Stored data
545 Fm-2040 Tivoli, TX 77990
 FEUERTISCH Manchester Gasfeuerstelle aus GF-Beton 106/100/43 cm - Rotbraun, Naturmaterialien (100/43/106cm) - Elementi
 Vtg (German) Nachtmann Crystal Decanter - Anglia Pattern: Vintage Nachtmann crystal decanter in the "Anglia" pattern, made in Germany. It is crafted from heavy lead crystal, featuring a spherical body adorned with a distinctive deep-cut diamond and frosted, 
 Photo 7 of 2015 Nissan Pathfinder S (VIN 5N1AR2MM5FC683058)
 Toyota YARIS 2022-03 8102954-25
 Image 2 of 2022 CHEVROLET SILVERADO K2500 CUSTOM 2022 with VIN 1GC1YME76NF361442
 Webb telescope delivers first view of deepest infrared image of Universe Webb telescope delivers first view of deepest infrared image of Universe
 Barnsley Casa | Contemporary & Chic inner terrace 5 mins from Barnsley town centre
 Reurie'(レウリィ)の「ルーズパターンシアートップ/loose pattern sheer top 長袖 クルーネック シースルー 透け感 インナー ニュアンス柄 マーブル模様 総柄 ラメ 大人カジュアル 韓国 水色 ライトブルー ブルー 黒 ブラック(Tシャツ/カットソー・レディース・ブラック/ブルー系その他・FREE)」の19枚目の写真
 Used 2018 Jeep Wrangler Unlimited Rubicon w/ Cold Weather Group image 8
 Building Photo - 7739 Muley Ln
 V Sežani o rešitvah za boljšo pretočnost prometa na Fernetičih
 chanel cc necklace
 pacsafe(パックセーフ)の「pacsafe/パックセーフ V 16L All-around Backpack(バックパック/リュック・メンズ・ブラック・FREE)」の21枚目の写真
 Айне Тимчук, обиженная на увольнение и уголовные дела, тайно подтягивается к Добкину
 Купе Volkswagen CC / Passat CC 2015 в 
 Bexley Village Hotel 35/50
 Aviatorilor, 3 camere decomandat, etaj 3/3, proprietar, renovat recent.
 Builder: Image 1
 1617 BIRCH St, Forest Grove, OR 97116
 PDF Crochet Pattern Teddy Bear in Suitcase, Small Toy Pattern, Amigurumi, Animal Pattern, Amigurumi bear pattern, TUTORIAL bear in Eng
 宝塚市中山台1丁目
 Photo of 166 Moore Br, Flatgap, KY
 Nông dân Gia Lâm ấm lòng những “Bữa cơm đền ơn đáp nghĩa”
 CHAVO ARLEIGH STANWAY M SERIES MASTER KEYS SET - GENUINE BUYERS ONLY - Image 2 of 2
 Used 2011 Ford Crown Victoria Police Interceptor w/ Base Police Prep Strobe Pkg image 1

(To do):
Please transcribe exactly the lines above from the line that has "pacsafe(パックセーフ)の「pacsafe/パックセーフ V 16L" up to and including the line that has "Photo of 166 Moore Br, Flatgap, KY"; no other line belongs in the answer.

(Answer to the exercise):
 pacsafe(パックセーフ)の「pacsafe/パックセーフ V 16L All-around Backpack(バックパック/リュック・メンズ・ブラック・FREE)」の21枚目の写真
 Айне Тимчук, обиженная на увольнение и уголовные дела, тайно подтягивается к Добкину
 Купе Volkswagen CC / Passat CC 2015 в 
 Bexley Village Hotel 35/50
 Aviatorilor, 3 camere decomandat, etaj 3/3, proprietar, renovat recent.
 Builder: Image 1
 1617 BIRCH St, Forest Grove, OR 97116
 PDF Crochet Pattern Teddy Bear in Suitcase, Small Toy Pattern, Amigurumi, Animal Pattern, Amigurumi bear pattern, TUTORIAL bear in Eng
 宝塚市中山台1丁目
 Photo of 166 Moore Br, Flatgap, KY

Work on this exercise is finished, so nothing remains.